Sandy Seventh-day Adventist Church

Hope and Healing For All People

"Faith Without Works is Dead"

James wrote, “But do you want to know, O foolish man, that faith without works is dead?” (James 2:20, NKJV). In what context did he make this well-known statement?

James is concerned because some of Jesus’ followers are showing “partiality” (vs 1, ESV). “For if a man wearing a gold ring and fine clothing comes into your assembly,” he explains, “and a poor man in shabby clothing also comes in, and if you pay attention to the one who wears the fine clothing,” and dishonors the poor man, are you not showing partiality? (vs 2-4). By showing favoritism, James argues, they are not fulling God’s law of love (vs 8-10).

In vs 14, he appears to change the subject, “What good is it, my brothers, if someone says he has faith but does not have works? Can that faith save him?” One might even think James has transitioned from speaking about how the horizontal relationship (how Jesus’ followers treat other humans), to the vertical (Jesus’ followers’ obedience to God). However, the very next passage links James’ statement about faith and works (vs 14) with his previous protest against the sin of partiality (vs 1-13).  The key phrase that links the two portions of the letter is “poorly clothed” (compare 2:2 with 2:15). For James, to have “faith” without “works” is like seeing “a [‘poorly clothed’] brother or sister” and, rather than provide “the things needed for the body,”  merely saying, “Go in peace, be warmed and filled” (vs 15-18). The motivation for why a disciple of Jesus might deny help to a fellow human in need is explained in James 2:1-13—partiality. 

James illustrates his point—that “faith without works is dead”—by referring to Abraham and Rehab. “Abraham believed God,” and this was evident in the fact that “he offered up his son Isaac on the altar” according to God’s command (vs 20-24). “And in the same way was not also Rehab the prostitute justified by works when she received the messengers and sent them out by another way?” (vs 25).
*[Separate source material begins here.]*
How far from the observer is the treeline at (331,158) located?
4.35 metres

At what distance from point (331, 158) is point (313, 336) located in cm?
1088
Rehab, who was not even a professed worshipper of Yahweh, exemplified faith in the true God by helping people who were foreigners to her.  

Thus, for James, “faith without works” (vs 20, NKJV) is another way of saying that a person is “holding the faith in our Lord Jesus Christ” while showing “partiality” (vs 1). This is a useless faith. It is a lifeless faith. It is a damaging faith. It is a loveless faith. It is actually not faith at all.